# Somebody sells at 4k instead of 40k. Who gets it?

If somebody sells x amount of BTC (or any other crypto) mistakenly at 4k instead of the current 40k (assumption), who will get it and for how much? Will somebody just be the happy one?

• – Murch
Commented Feb 2, 2021 at 15:42
• This comes under "questions I have but feel will make me look stupid if I ask" - I'm glad someone did :) Commented Jun 18, 2021 at 12:54

## 2 Answers

TLDR: The highest bidder on the exchange will get it.

One of the main jobs of an exchange is to match sellers with buyers. The exchange will help users sell for the highest price possible, and buy for the lowest price possible. If the price you want is lower than the highest bidder (buyer), the exchange will tell the buyer, "hey, we found someone that wants to sell you bitcoin at your price!". The buyer does not know that you were willing to sell for 4000.

Noone will be lucky. All reputable exchanges have several people wanting to buy at a price higher than 4000 when the current price is 40 000.
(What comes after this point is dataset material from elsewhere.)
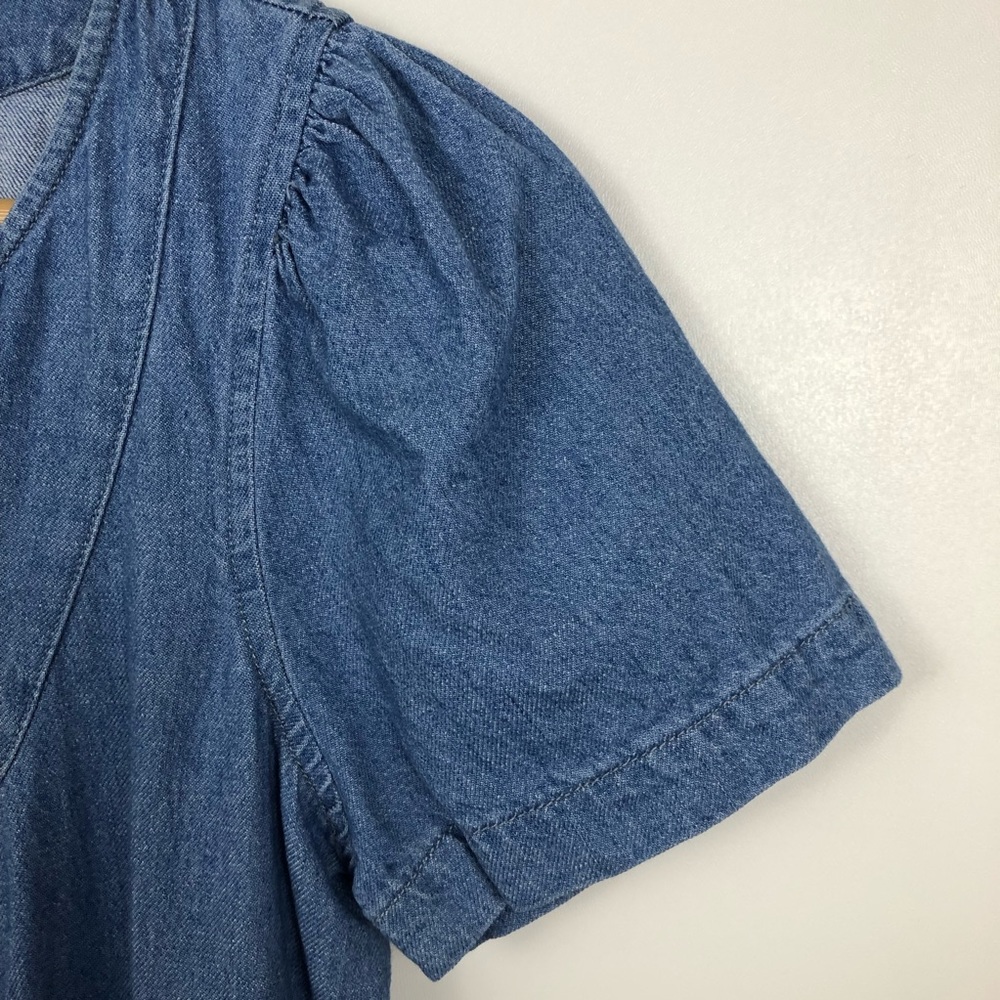 Madewell Linen Blend Denim Popover Swing Dress - Picture 4 of 9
You can figure out the price you're going going to sell for if you take a look in the orderbook. There you can see people wanting to both buy and sell bitcoin for different prices. In the picture, green orders are buyers, and red orders are sellers. The price you're going to get when you sell bitcoin is the top green one.

You can try it for yourself! Add a limit sell order with 4000 as the price. Depending on the exchange it will tell you that by placing the order, 100% of the order will be filled. The final price is not going to be 4000, but probably very close to 33 828.
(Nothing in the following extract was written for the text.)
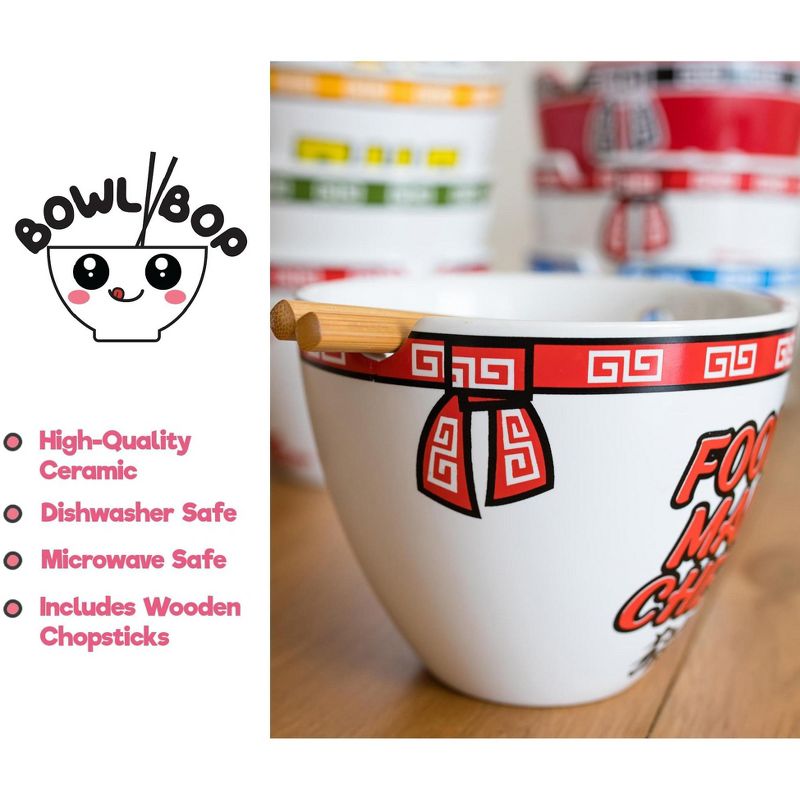 Boom Trendz Bowl Bop Food Man Chew Japanese Dinnerware Set | 16-Ounce Ramen Bowl, Chopsticks, 3 of 7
• So basically, you can't place a REAL mistake-sell, only a quite bad one?! Or in other words - and that's why i asked in the first place - it does not make sense to just place a 4k-order and hope somebody mistakenly sells at this price? Because that would be quite cool, wouldn't it :) (or bad for the person who makes the mistake). Thanks for the response! Commented Feb 2, 2021 at 7:37
• yes, I think you can try it by buying \$1 or \$10 worth of bitcoin on Robinhood or Coinbase Pro, so it is not going to hurt you for that \$1 or \$10 Commented Feb 2, 2021 at 7:39
• your answer says "The final price is not going to be 4000, but probably very close to 40 000."... do you mean very close to 33828? Commented Feb 2, 2021 at 7:41
• Yes, pretty much impossible! It's only possible in order books with very low liquidity. As long as you use a reputable exchange and trade bitcoin, you won't find that. No, it does not make sense to do that. Every single buyer willing to pay more than 4k will get filled before you. Commented Feb 2, 2021 at 7:41
• Yes! Very close to 33828 using my image an example. Commented Feb 2, 2021 at 7:42

AFAIK, if it is the same as stocks, then it is "The person who entered it first", meaning:

If somebody put in the limit order to Buy At \$33,000, before you, then your \$4000 will be matched to his limit order, but because he entered it first, then the transaction between you and him will be \$33,000. That's the rule.

There are tons of buy orders to buy at \$33,000 or \$32,999, so the \$4000 will be matched by those numbers first. (and it will be sold at \$33,000 or whatever the highest bidder is).